Each year an employee gets the offer, he or she has invested more in the company, and may find it harder to leave. The offer increases to adjust to the sense of investment. For skeptical shareholders, Bezos explained the rationale: "The goal is to encourage folks to take a moment and think about what they really want," he wrote. "In the long-run, an employee staying somewhere they don't want to be isn't healthy for the employee or the company."

Bezos understood that disengaged employees impose financial and emotional costs on an organization, and that even offering $5,000 to help such employees self-select out is a good deal. The real upgrade that Amazon made in the Pay to Quit program over the Zappos program was checking in further along in an employee's tenure and doing so more than just once. In a way, Amazon is asking its employees to give the company a performance evaluation every year. But just as at Zappos, only a small number of employees take the offer -- suggesting that employees are giving the company a pretty good evaluation.

Of course, Bezos wants employees to stay with the company and to be further engaged more than he wants them to quit. In fact, the title of the page that employees read when they receive the offer is "Please Don't Take This Offer." In making the offer every year, Bezos and Amazon achieve greater engagement and productivity, and they rarely even have to pay out $5,000. That's a good deal for all the shareholders, even the ones who might have read the letter skeptically. Gallup's research found that, in 2011-2012, publicly traded companies with 9.3 or more engaged employees for every disengaged employee had 147 percent higher earnings per share than their competitors. Meanwhile, companies with little engagement -- 2.6 engaged employees for every disengaged employee -- had 2 percent less earnings per share than competitors.

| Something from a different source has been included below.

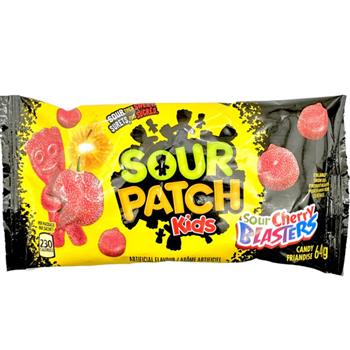  Sour Patch Kids Cherry Blasters - 64g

If offering cold, hard cash to quit still seems too far out, it's at least worth considering how the principles behind "the offer" can be used in other ways. Any program that provides "a well-lit, safe exit path" would have a similar effect. Processes that encourage employees to examine their reasons for choosing to work for your company are likely to help them reaffirm the wisdom of their original decision, hence engaging further with the organization. In other words, there is more than one way to extend "the offer." And the offer is a good deal.